Abnormal properties of cancer protein revealed in fly eyes

Mutations in the human retinoblastoma protein gene are a leading cause of eye cancer. Now, Michigan State University scientists have turned to fruit fly eyes to unlock the secrets of this important cancer gene.

In a paper featured on the cover of the current issue of the Journal of Biological Chemistry, Michigan State University researchers provide the first detailed examination of a set of mutations similar to those present in the human cancer gene, said Irina Pushel, MSU undergraduate and co-author.

“By systematically evaluating mutations of increasing severity, we now have a model to better predict how we think the protein will react with each mutation,” said Pushel, who co-authored the paper with Liang Zhang, lead author and MSU graduate student, and Bill Henry and David Arnosti, MSU molecular biologists. “We’re trying to understand the protein, not even in the specific context of cancer, but rather studying how it interacts within the cell, how it interacts with DNA.”
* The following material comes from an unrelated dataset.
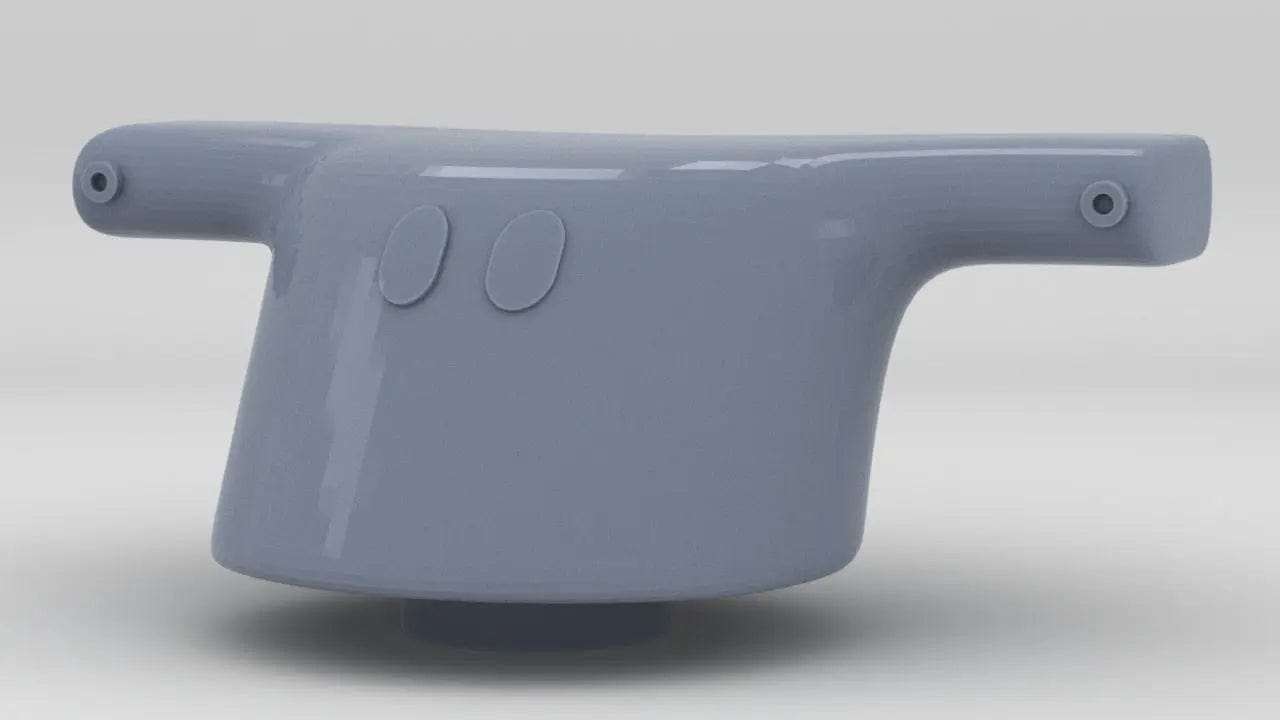 1/128 HMS Warspite Torpedo Director Tower Aft - distefan 3d print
The protein, retinoblastoma, would appear to play a key role in everything. When it’s healthy, it helps control cell growth and development. If absent, the organism would die. In its abnormal state cells can overgrow, as seen in cancer, or undergo premature death, as in other human diseases.

Since fruit flies are essentially tiny people with wings, in terms of genetics, these model organisms can play a key role in advancing human medicine.

“If we find one of these mutations in a human, then we can predict what will happen with the protein, such as folding incorrectly,” Pushel said. “This isn’t going to immediately lead to a new drug to treat cancer. However, we have to know how the protein works before we can develop a drug to fix it. Future medicines will be built upon models such as this, though that is years away.”

Previous work has shown that a specific part of this protein plays a role in regulating other genes. In this study, the team modified some of the known important parts of this region of retinoblastoma.

Boosting levels of even standard, or wild-type, protein altered fruit flies eyes and wings. However, when levels of the mutated protein began to climb, deformations were consistent and dramatic.

While a cancer treatment based on this finding may be years away, the insight and understanding into cell development and gene regulation is immediate, Pushel said.

“That’s the cool thing about basic research; it may not lead directly to the creation of a new drug, but it helps decipher the genetic code, which for each person controls the unique pattern of how they grow and how they develop — that’s amazing,” she said. “It will have many impacts, from understanding development to personalized medicine.”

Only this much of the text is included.